(Data excerpts)
────────────────────────────────────────

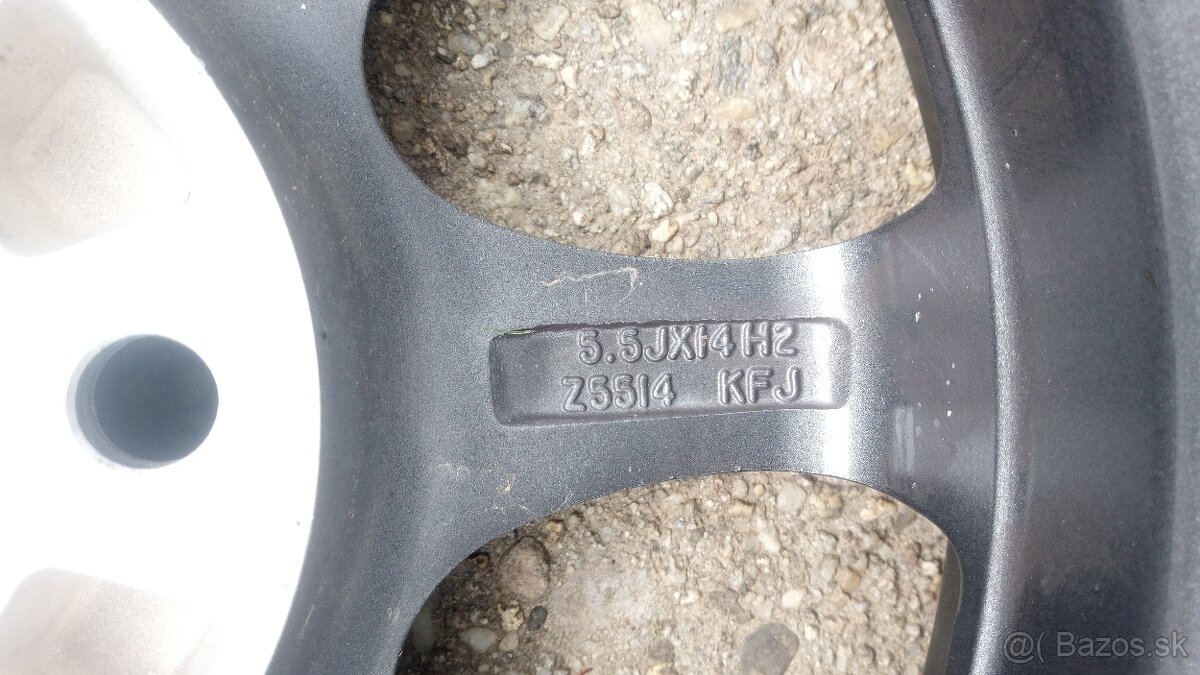 disky 5x100 R14 Autec - 5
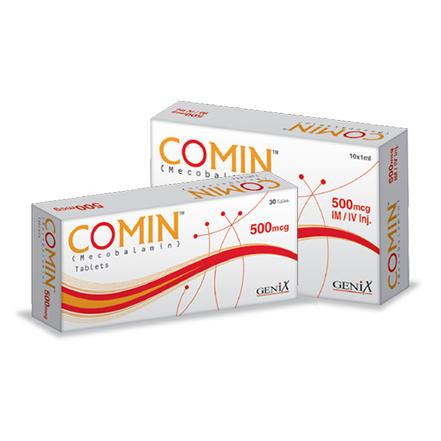 Comin tablet 500 mcg 3×10’s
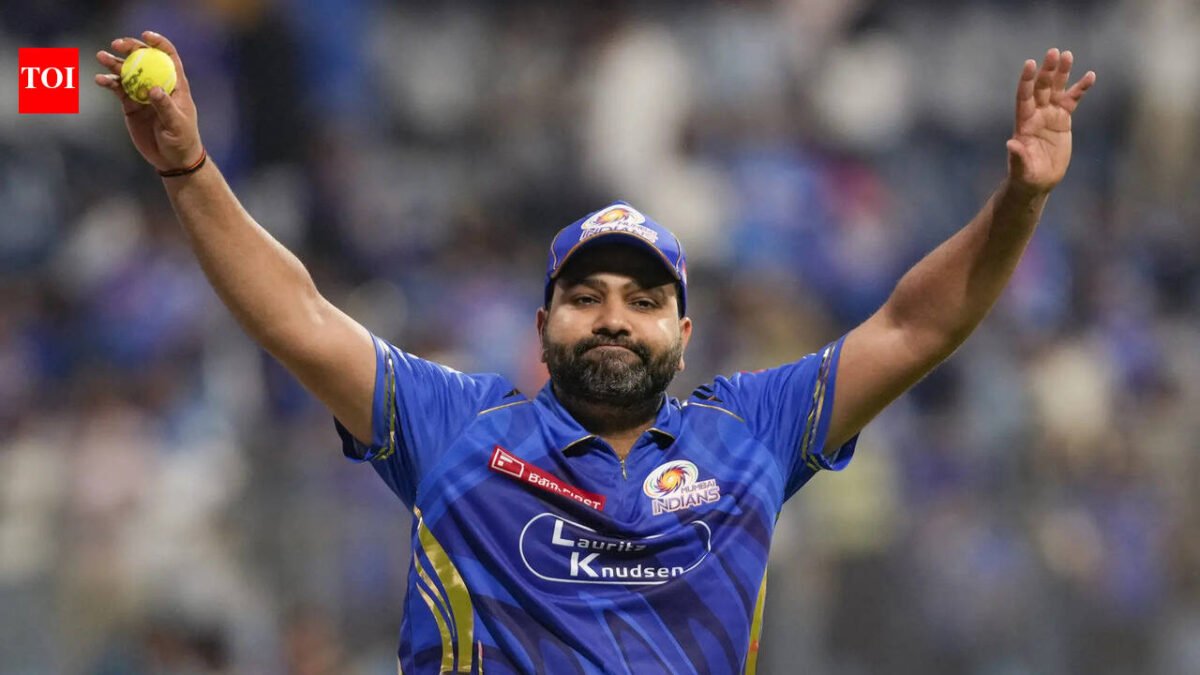 'Fitter': Rohit gets boost from MI head coach ahead of IPL 2026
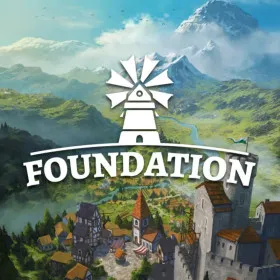Обкладинка гри Foundation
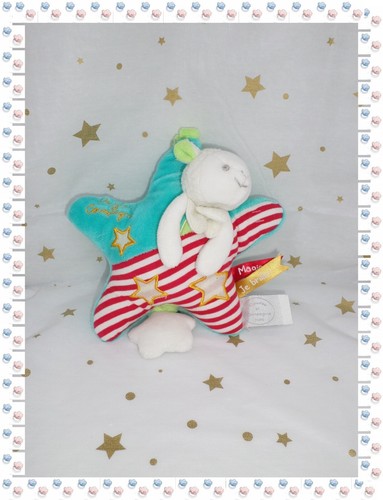 Doudou musical etoile - doudou,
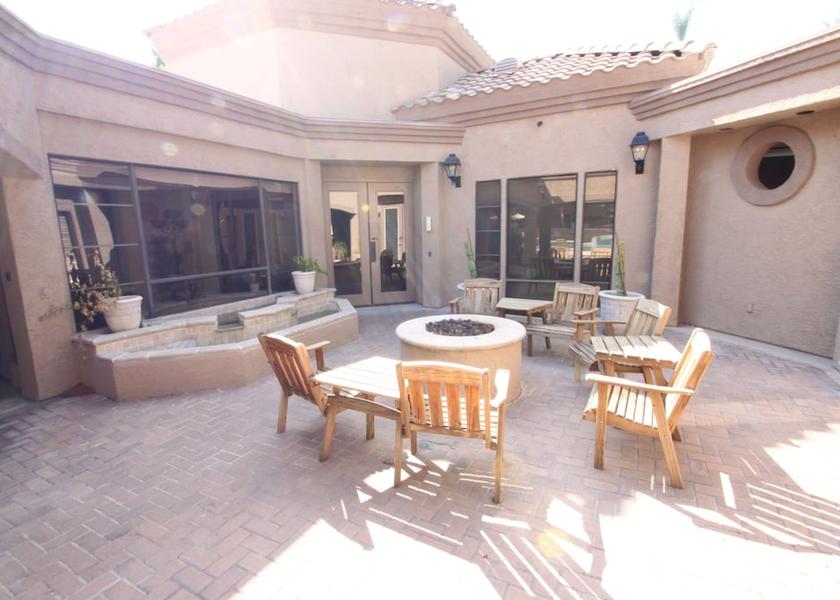 Arizona Scottsdale Terrace/patio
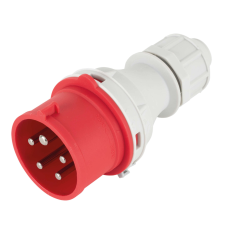 Home Ipari csatlakozó 5 pólusú, 16A, 400V Háromfázisú, IP44 hosszabbító, elosztó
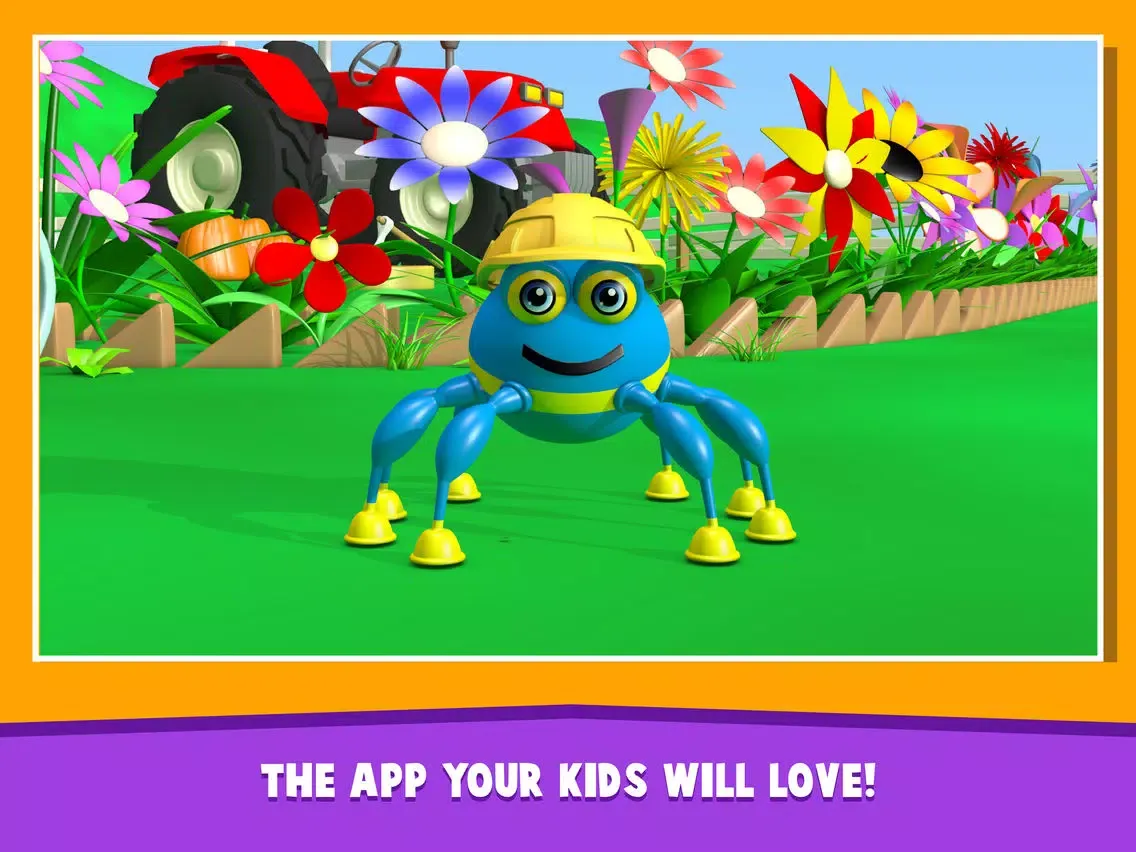 Nursery Rhymes Music Box For Kids - 3D Educational Learning Sing Along game for Toddlers iPad  Screenshots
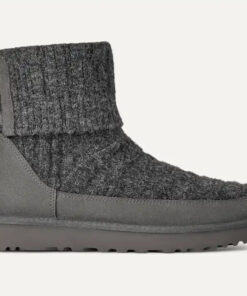 Femme Classic Mini Cabelle Knit Boot
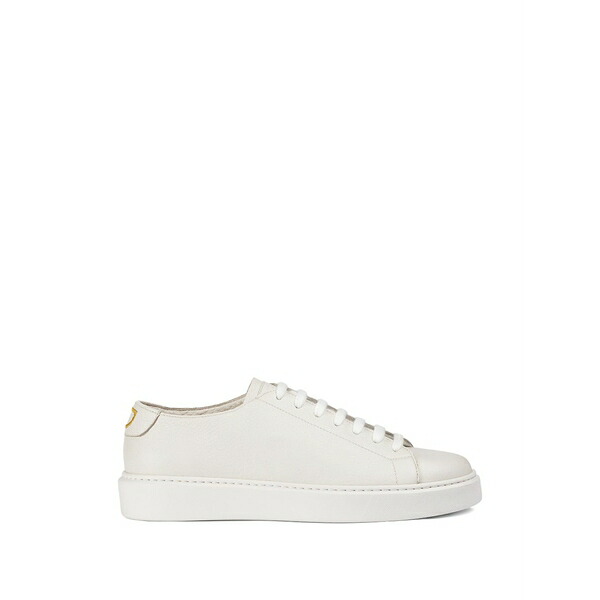ドンカルズ メンズ スニーカー シューズ Leather sneakers White｜asty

────────────────────────────────────────

What is expected
Please transcribe all of the records above exactly, leaving out any pictures.

Exercise solution
 disky 5x100 R14 Autec - 5
 Comin tablet 500 mcg 3×10’s
 'Fitter': Rohit gets boost from MI head coach ahead of IPL 2026
Обкладинка гри Foundation
 Doudou musical etoile - doudou,
 Arizona Scottsdale Terrace/patio
 Home Ipari csatlakozó 5 pólusú, 16A, 400V Háromfázisú, IP44 hosszabbító, elosztó
 Nursery Rhymes Music Box For Kids - 3D Educational Learning Sing Along game for Toddlers iPad  Screenshots
 Femme Classic Mini Cabelle Knit Boot
ドンカルズ メンズ スニーカー シューズ Leather sneakers White｜asty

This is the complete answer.